Le visage du Rabbi devint très sérieux et il regarda par terre pendant un long moment. Puis il releva la tête et, avec un large sourire, annonça que D.ieu aiderait ses frères à sortir de Russie la même année et qu’elle les reverrait très bientôt !

Il faut savoir qu’en Russie, de leur côté, mes deux oncles avaient chaque année déposé une demande de sortie qui avait, à chaque fois, été refusée. Découragés, ils comprirent que cela ne servait à rien de demander et qu’ils étaient condamnés à passer le reste de leur vie en Union Soviétique. Ils décidèrent cependant de tenter leur chance encore une dernière fois. C’était juste après que ma mère avait eu la ‘Houtspa d’implorer la bénédiction du Rabbi mais ils ne le savaient pas. Miraculeusement cette fois-là, ils reçurent la permission tant rêvée, sans aucune explication !
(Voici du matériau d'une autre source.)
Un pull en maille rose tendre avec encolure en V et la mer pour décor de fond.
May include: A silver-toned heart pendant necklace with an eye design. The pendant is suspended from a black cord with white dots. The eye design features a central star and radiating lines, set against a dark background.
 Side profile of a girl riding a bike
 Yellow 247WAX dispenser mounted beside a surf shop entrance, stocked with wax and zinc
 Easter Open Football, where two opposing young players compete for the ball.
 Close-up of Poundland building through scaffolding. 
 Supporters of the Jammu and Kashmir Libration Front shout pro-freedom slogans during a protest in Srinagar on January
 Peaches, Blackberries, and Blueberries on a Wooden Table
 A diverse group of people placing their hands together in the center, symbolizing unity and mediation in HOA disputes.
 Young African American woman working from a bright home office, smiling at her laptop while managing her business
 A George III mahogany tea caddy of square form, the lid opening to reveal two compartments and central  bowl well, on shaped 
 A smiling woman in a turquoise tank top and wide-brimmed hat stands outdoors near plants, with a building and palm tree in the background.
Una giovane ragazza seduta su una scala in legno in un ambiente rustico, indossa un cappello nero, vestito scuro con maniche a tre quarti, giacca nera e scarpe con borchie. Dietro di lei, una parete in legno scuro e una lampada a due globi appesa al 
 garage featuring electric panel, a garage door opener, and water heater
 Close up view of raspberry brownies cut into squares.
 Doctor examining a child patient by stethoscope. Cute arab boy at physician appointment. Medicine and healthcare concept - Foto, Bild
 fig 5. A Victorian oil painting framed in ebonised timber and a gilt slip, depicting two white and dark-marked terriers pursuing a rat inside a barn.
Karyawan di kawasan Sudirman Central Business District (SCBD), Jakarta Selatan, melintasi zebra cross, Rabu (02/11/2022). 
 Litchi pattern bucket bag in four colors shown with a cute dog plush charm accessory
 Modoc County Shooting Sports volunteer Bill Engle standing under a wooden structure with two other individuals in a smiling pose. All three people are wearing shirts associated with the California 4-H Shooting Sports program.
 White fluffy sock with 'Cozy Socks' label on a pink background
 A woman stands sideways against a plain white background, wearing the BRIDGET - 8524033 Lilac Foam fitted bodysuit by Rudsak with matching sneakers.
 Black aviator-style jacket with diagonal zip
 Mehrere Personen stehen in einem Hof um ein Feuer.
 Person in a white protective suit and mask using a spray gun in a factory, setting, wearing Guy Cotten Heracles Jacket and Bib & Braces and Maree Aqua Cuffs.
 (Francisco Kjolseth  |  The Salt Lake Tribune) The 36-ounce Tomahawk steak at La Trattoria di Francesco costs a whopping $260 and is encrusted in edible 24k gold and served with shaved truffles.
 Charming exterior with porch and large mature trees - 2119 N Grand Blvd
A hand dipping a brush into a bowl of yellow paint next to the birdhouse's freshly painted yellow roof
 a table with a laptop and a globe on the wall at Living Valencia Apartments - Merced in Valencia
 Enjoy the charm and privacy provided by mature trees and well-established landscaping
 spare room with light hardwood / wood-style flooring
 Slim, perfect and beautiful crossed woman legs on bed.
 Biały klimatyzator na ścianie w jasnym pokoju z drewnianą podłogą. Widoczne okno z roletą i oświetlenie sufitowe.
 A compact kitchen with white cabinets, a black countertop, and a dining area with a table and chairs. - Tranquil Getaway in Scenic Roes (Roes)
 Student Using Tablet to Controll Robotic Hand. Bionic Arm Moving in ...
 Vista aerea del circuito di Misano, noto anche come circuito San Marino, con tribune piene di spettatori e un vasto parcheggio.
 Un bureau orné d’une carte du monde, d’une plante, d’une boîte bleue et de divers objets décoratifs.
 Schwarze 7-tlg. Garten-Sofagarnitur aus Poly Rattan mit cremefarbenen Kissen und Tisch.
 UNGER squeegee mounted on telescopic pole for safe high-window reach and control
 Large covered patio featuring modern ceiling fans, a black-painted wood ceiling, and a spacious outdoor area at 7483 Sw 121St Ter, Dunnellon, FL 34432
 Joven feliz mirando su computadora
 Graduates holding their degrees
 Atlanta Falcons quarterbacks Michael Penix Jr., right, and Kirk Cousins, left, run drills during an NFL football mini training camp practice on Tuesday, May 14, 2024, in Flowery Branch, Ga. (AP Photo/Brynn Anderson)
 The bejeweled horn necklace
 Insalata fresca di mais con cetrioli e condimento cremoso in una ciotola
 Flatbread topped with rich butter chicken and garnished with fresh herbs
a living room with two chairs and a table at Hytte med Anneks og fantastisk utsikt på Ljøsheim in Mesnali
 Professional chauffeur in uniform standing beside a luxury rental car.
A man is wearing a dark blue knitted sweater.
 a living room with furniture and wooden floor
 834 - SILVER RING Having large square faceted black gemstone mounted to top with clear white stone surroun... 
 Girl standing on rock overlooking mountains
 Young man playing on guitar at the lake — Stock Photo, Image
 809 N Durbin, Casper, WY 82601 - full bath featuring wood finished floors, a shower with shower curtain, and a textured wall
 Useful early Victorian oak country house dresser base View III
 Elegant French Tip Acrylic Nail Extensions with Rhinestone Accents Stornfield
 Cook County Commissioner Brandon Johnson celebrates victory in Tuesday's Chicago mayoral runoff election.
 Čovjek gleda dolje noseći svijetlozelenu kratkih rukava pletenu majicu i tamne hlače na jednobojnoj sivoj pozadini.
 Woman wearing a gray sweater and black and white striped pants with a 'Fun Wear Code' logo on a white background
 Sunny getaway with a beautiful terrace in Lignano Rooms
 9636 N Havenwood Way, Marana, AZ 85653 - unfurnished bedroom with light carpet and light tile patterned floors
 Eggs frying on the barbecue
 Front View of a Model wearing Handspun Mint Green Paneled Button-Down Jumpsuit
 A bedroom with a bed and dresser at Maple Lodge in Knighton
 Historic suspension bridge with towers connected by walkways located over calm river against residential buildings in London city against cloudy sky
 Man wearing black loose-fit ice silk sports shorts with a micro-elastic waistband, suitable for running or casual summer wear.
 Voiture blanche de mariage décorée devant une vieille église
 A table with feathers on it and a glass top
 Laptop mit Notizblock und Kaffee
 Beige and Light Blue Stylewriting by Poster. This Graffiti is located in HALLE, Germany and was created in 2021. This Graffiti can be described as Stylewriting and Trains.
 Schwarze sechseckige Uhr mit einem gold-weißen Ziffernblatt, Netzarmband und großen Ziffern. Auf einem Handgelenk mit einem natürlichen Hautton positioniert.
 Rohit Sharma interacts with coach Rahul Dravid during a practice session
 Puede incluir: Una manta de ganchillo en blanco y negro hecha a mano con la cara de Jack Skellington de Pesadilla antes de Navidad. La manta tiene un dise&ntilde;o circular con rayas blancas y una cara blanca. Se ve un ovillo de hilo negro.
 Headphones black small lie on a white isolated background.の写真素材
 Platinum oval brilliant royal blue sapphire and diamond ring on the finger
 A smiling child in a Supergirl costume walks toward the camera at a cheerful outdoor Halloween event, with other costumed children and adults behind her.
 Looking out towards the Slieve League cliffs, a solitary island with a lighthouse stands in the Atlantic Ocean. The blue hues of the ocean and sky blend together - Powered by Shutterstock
Quand ils quittèrent la Russie, Yossef s’installa à Crown Heights (New York) afin d’être proche du Rabbi. Chalom Eliahou s’installa en Israël mais le Rabbi lui envoya un billet d’avion pour qu’il vienne passer les fêtes de Tichri à Crown Heights.

Quand il entra en audience privée, le Rabbi remarqua : « Vous avez de la chance que votre sœur vous a littéralement extirpés de Russie ! ».

Par ces mots, le Rabbi confirmait qu’il était bien conscient des supplications de ma mère durant toutes ces années. Et je suppose qu’il avait été nécessaire qu’elle prie et supplie aussi longtemps pour que la bénédiction lui soit accordée.